Durant son mandat chez Stellantis, Tavares a admis qu'il aurait pu faire "des tonnes de choses" différemment. Son plus grand regret est de ne pas avoir réussi à obtenir le soutien des concessionnaires américains pour son programme, qui insistait fortement sur la réduction des coûts. Mais dans une interview accordée à Automotive News, il a déclaré que le passé "n'a pas d'importance" parce que "l'entreprise est rentable". Pourtant, le bénéfice net a chuté de 70 % l'année dernière par rapport à 2023.

"Je n'ai rien contre personne. Même ceux qui ont rendu ma vie plus difficile lorsque j'étais PDG de Stellantis. À un moment donné, il y a un carrefour et quelqu'un décide qu'il est temps de prendre des chemins différents. C'est très bien."

Après une recherche de six mois, Stellantis a finalement nommé un nouveau PDG la semaine dernière. L'ancien chef de Jeep, Antonio Filosa, prendra ses fonctions le 23 juin. Tavares a décrit son successeur comme un choix "logique et crédible", mais a reconnu les défis à venir, notamment au milieu du "chaos" causé par les guerres tarifaires.

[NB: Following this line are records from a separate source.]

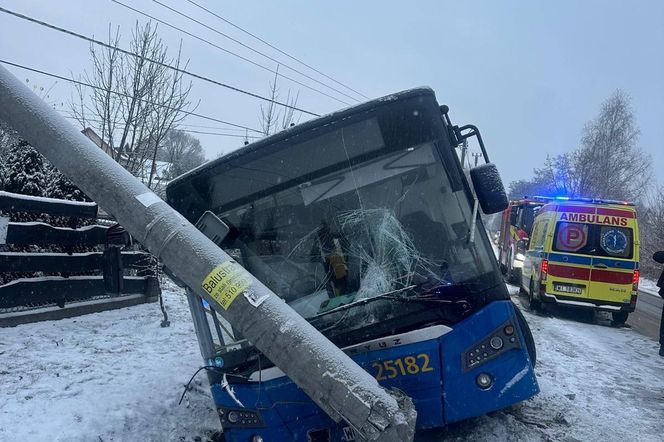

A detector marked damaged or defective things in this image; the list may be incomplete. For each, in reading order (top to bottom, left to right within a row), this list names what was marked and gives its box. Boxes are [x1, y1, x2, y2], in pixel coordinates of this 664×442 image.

damaged bus front [166, 88, 540, 440]
shattered windshield [215, 126, 496, 320] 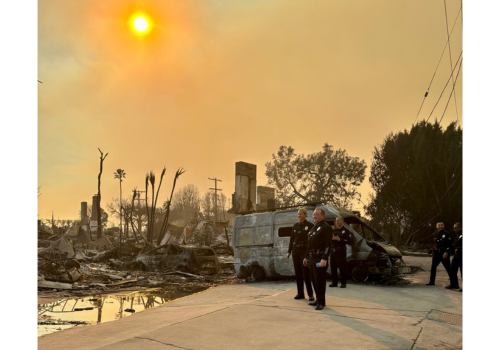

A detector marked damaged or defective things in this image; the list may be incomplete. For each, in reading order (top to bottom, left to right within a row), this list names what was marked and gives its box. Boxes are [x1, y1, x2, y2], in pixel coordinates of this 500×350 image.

burned car [135, 243, 219, 274]
charred car body [135, 243, 219, 274]
burned van [231, 205, 410, 282]
burned car [231, 205, 410, 282]
charred car body [231, 205, 410, 282] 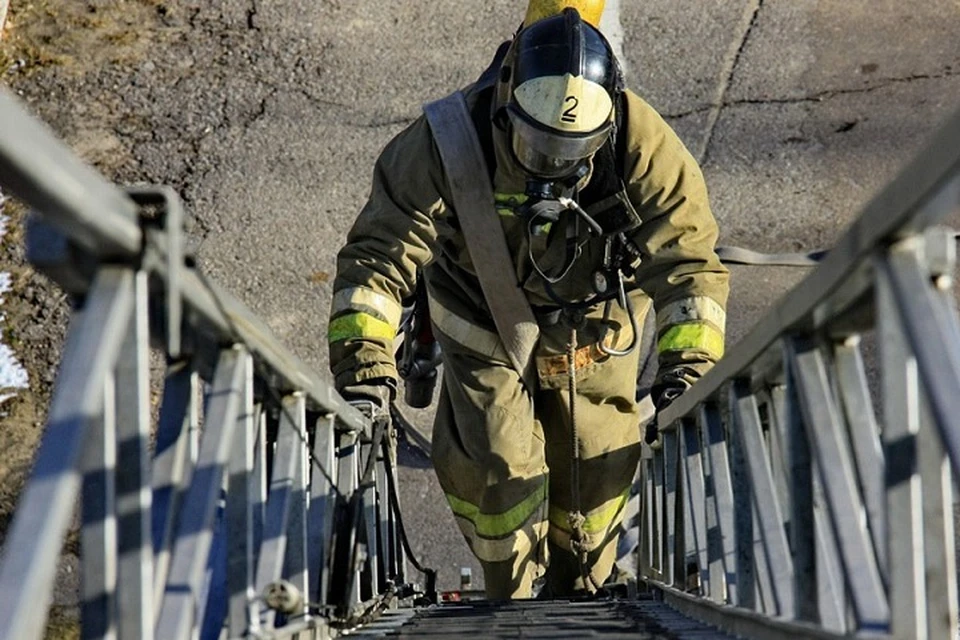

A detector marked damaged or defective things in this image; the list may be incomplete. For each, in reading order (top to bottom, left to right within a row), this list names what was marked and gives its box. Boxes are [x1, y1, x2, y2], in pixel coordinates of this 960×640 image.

crack in asphalt [696, 0, 764, 165]
crack in asphalt [664, 67, 956, 121]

Filosa hérite également de la tâche complexe de gérer un portefeuille tentaculaire de marques, dont plusieurs sont sous-performantes. Il reste incertain si toutes continueront de faire partie de Stellantis. Bien que des rumeurs de vente de Maserati aient circulé, elles ont été rapidement démenties. Le relancement de Lancia a commencé lentement, tandis que des marques comme DS Automobiles et Abarth ne prospèrent pas exactement non plus.

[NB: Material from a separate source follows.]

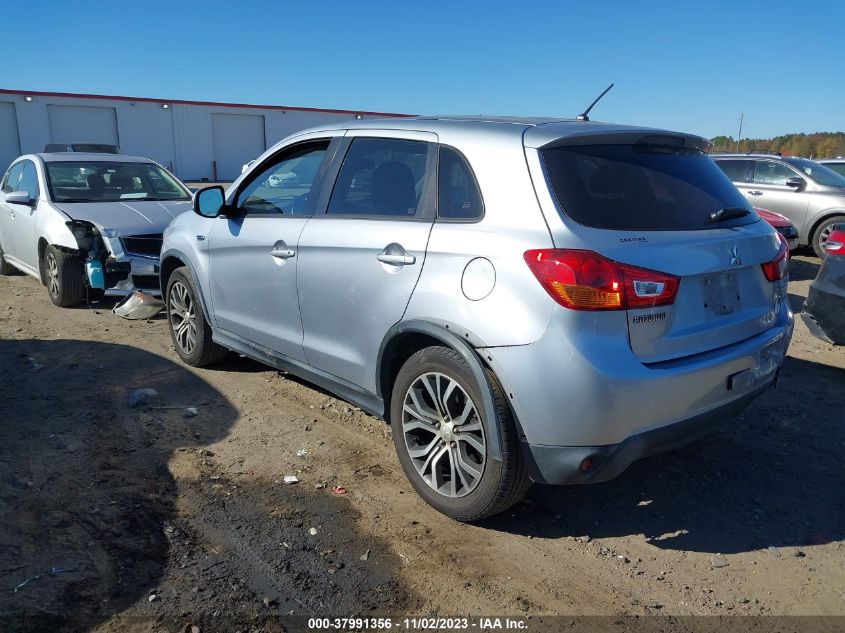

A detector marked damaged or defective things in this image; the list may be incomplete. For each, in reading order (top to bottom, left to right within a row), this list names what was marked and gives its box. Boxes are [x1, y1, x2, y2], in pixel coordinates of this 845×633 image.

damaged silver sedan [0, 151, 191, 304]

Aux États-Unis, relancer Chrysler doit être une priorité plutôt que de la laisser stagner en tant que marque de monospaces. Réparer les relations tendues avec les concessionnaires est également crucial. Et avec le départ de Tavares, la production de modèles V8 pour l'Amérique pourrait aider à réparer certaines cassures. Tavares a exprimé l'espoir que Filosa "sera correctement soutenu par le conseil" alors qu'il prend ces décisions.

Photo : Stellantis

La transition de leadership survient à un moment où, selon Tavares, l'industrie automobile est en "mode survie". Quelques semaines avant de quitter ses fonctions, il a averti que les constructeurs traditionnels ne peuvent survivre que s'ils parviennent à atteindre la parité des coûts entre les voitures électriques et les voitures à essence. En fin de compte, Tavares a choisi de se retirer pendant une période de bouleversements importants, laissant à Filosa l'opportunité d'essayer de remettre Stellantis sur la bonne voie.

Il est certain que le nouveau PDG a un défi de taille devant lui. Il doit reconstruire ce qui a mal tourné ces dernières années tout en naviguant à travers les tarifs, la concurrence féroce, et la pression réglementaire croissante en Europe pour accélérer le processus d'électrification.